Boiling water is more suspect than freezing water. Where freezing temperature only changes in situations where you would die, boiling internal temperature changes all the time. It drops a degree for every five hundred feet of elevation gained, and moves with the local barometric pressure. There are online calculators where you can punch in your data and get an estimate of local boiling temperature, but that’s just another error term for the pile.
How to get accurate temperature readings?
The first goal is to get a true internal temperature, ideally probing in the thickest portion of the item to be measured; meat, veggie or whatever. If there is a bone near the center of the item being cooked it is good to get near or touching that area. Keep in mind it will be the slowest area to reach the target temperature. In a turkey for instance, getting right up to the thigh bone will give you the best indication of doneness because it is typically a thick section of the bird. For an unstuffed bird, the opposite is true in the breast meat, you want to stay centered in the thickest section of the meat. Getting too near the rib cage will temp out as done before the core temp has been reached. For higher temps, fowl, pulled pork, brisket, and such, getting that temp evenly and thoroughly is key and best measured at the core itself if possible.
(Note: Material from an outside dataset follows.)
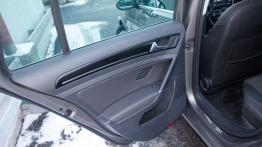 Volkswagen Golf VII Variant TDI - galeria redakcyjna (3) - drzwi tylne lewe od wewnątrz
Can you put a digital instant read thermometer in the oven?
Typically, no. A thermometer with a plastic casing or viewpoint, analog or digital, cannot be used in the oven. There are lots of choices that are made for this. Of the thermometers we have tested in the past duel probe thermometers are designed for leave-in use. There are also leave-in oven thermometers, multi-probe thermometer devices designed for BBQ and inferred thermometers. Whether via a stainless-steel braided min-cable or via Bluetooth wireless, or both, the option to monitor what is going on in the oven without having to open it up is unquestionably the best option.
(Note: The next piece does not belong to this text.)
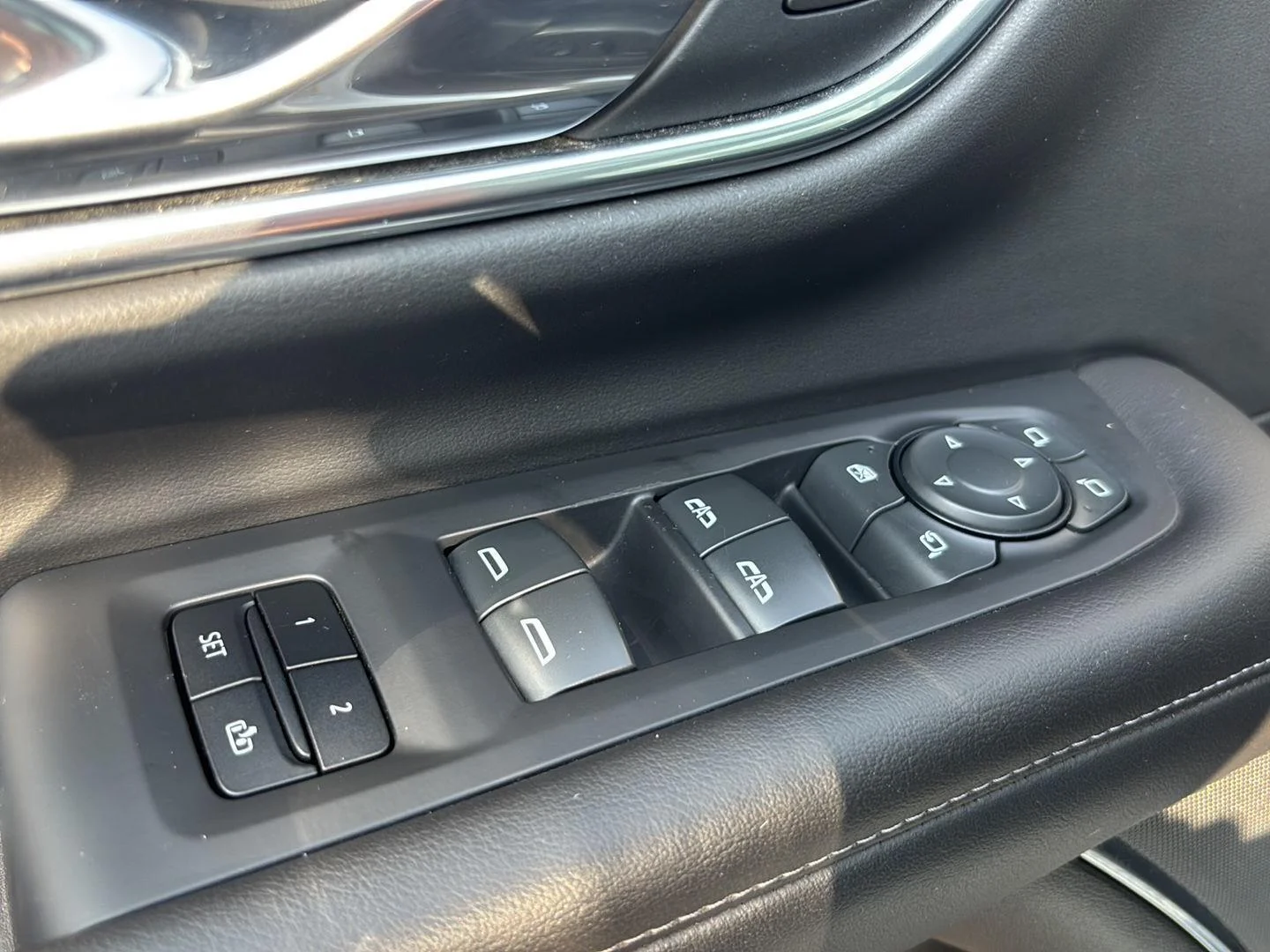 Used 2021 Summit White Chevrolet LT image 17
Wireless Meat Thermometer Probes

A single probe free from wires that can report both ambient temperature and internal meat temperatures back to your smart device? Sounds a little too good to be true. We thought so too so we rounded up the Meater, MeatStick, AirProbe, and Yummly! and tested them side-by-side
Can you cook meat with a digital instant read thermometer in it?
Assuming your meat thermometer is designed to work in the cooking environment and can stand the heat, then yes. Again, most instant read digital meat thermometers are not made for this, instead you need a probe thermometer made to monitor during the cooking cycle (see links above). Cooking with a probe in the meat works just fine. Rarely, in a high heat, somewhat longer cook time, you will get a channel of slightly more cooked meat where the metal casing of the device will transfer a small amount of heat. Most often you will not even notice that, and the benefit so far outweighs it making it is still worthwhile to cook meat with a probe in it.
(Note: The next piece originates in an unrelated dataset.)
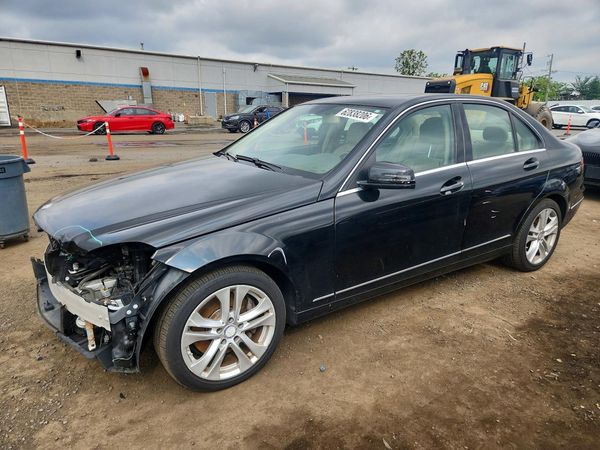 2014 MERCEDES-BENZ C C300 4 MATIC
How high do the best Instant read thermometers go?
On average they max out at an impressive temperature range of about 550°F. There are many analog style dial food thermometers that use smaller increments and will max out at 220 or 250°F. These are specifically for internal temps of food that will not exceed those thresholds. Keeping one around that doesn’t need a battery makes sense, but there are such great digital choices with quicker read times and broader temperature ranges as to make these other analog thermometer devices pretty outdated.